◆ Work item ◆
Set down, unchanged, the line holding "The patient would" and all lines that follow it to the end of the material, leaving pictures out.

◆ Record set ◆
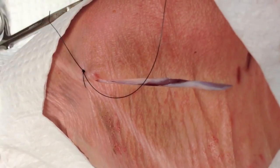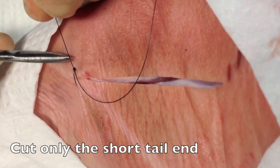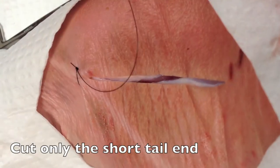Now at this point, instead of cutting both ends as you would with a simple interrupted, you're only going to cut the short end of the suture material. From here, you're going to continue to run that suture across the wound.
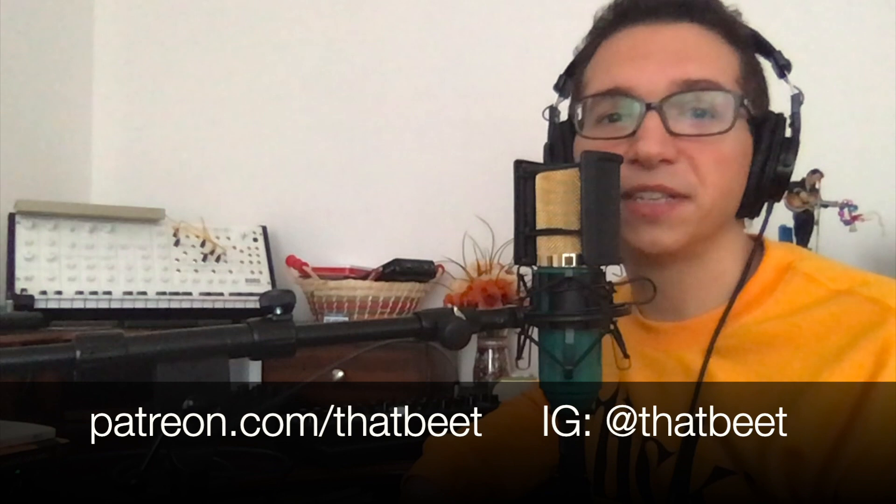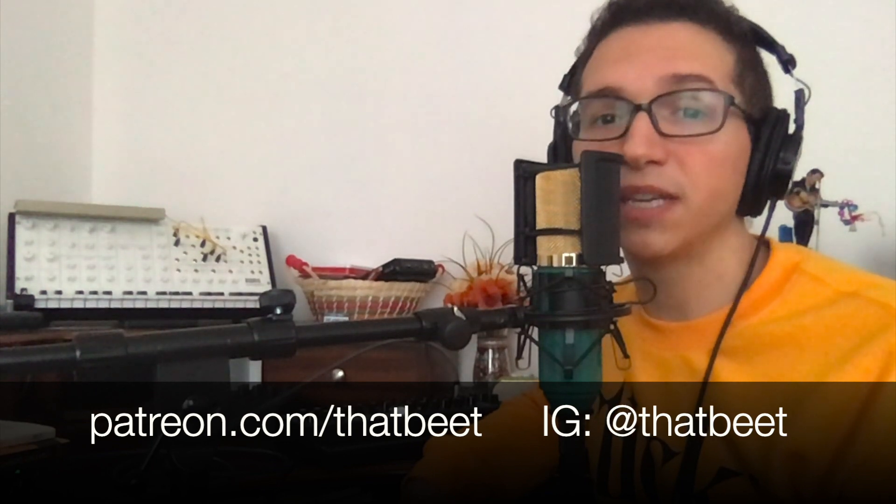To close out the video, let's hear the finished track one more time, this time with the Stylophone Gen R8 on autotune vocals. I hope you enjoyed the video and I hope you learned something. Subscribe to me on YouTube, follow me on Instagram at ThatBeat, support me on Patreon at patreon.com/thatbeat. And until next time: peace, love, and the Jupiter 8.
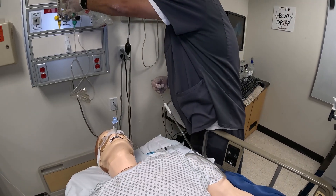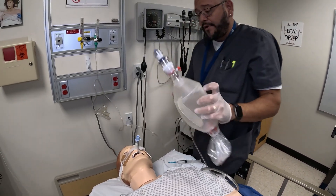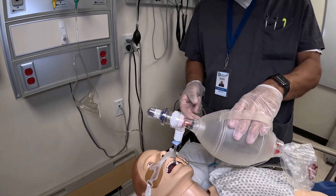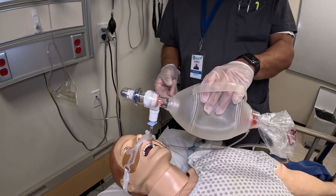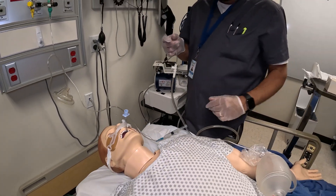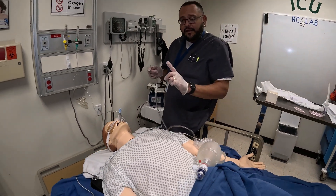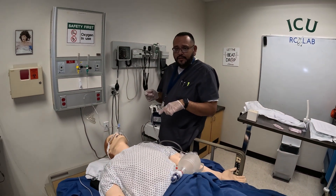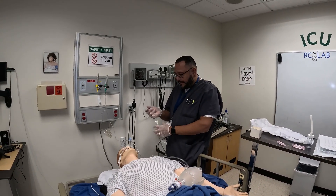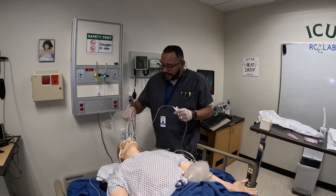The patient would be on a ventilator or we would use our ambu bag to hyper-oxygenate the patient before suctioning. I would go ahead and get them up to 100% on the monitor. On the ventilator there is typically a button you can push that gives the patient 100% oxygen for two minutes and also silences the alarms.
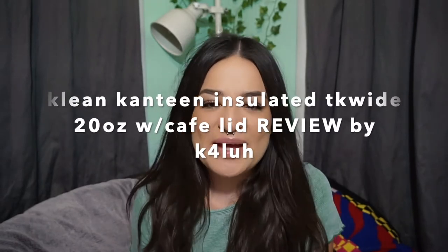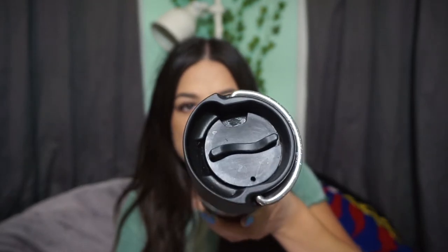Hi guys, welcome back to my channel. Today I'm going to be reviewing the TK Wide Insulated Bottle from Clean Canteen. I have the cafe cup lid on this one, so this is used for my coffee every day when I go to work. This keeps drinks hot for 17 hours and cold drinks iced for 63 hours.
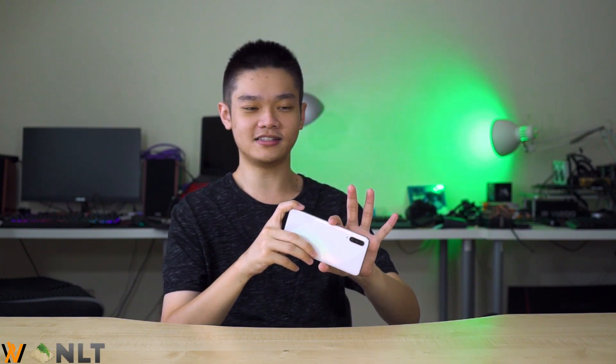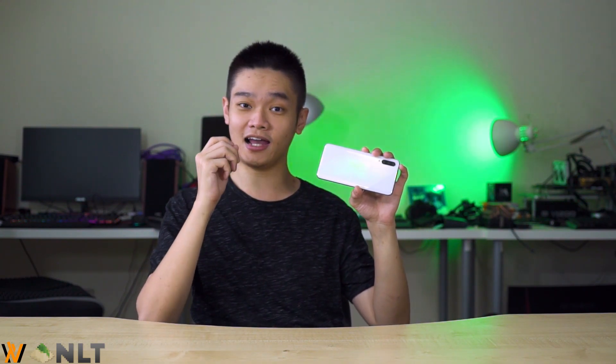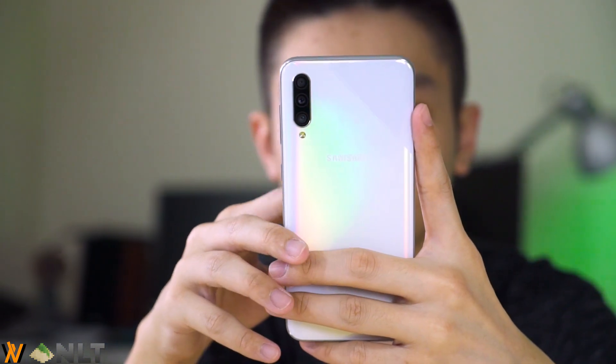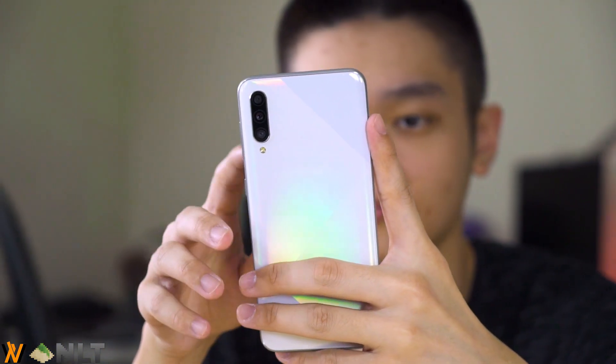So, is the Galaxy A50s recommended? I would suggest you take a look at the Samsung ecosystem, and if you really want to try that ecosystem — which I highly recommend — then yes, you can take a look at the Galaxy A50s and make a purchase. That is all I have to say about the Samsung Galaxy A50s. I hope you liked this video and we will see you in the next video.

◆ Exercise result ◆
The patient would be on a ventilator or we would use our ambu bag to hyper-oxygenate the patient before suctioning. I would go ahead and get them up to 100% on the monitor. On the ventilator there is typically a button you can push that gives the patient 100% oxygen for two minutes and also silences the alarms.
Hi guys, welcome back to my channel. Today I'm going to be reviewing the TK Wide Insulated Bottle from Clean Canteen. I have the cafe cup lid on this one, so this is used for my coffee every day when I go to work. This keeps drinks hot for 17 hours and cold drinks iced for 63 hours.
So, is the Galaxy A50s recommended? I would suggest you take a look at the Samsung ecosystem, and if you really want to try that ecosystem — which I highly recommend — then yes, you can take a look at the Galaxy A50s and make a purchase. That is all I have to say about the Samsung Galaxy A50s. I hope you liked this video and we will see you in the next video.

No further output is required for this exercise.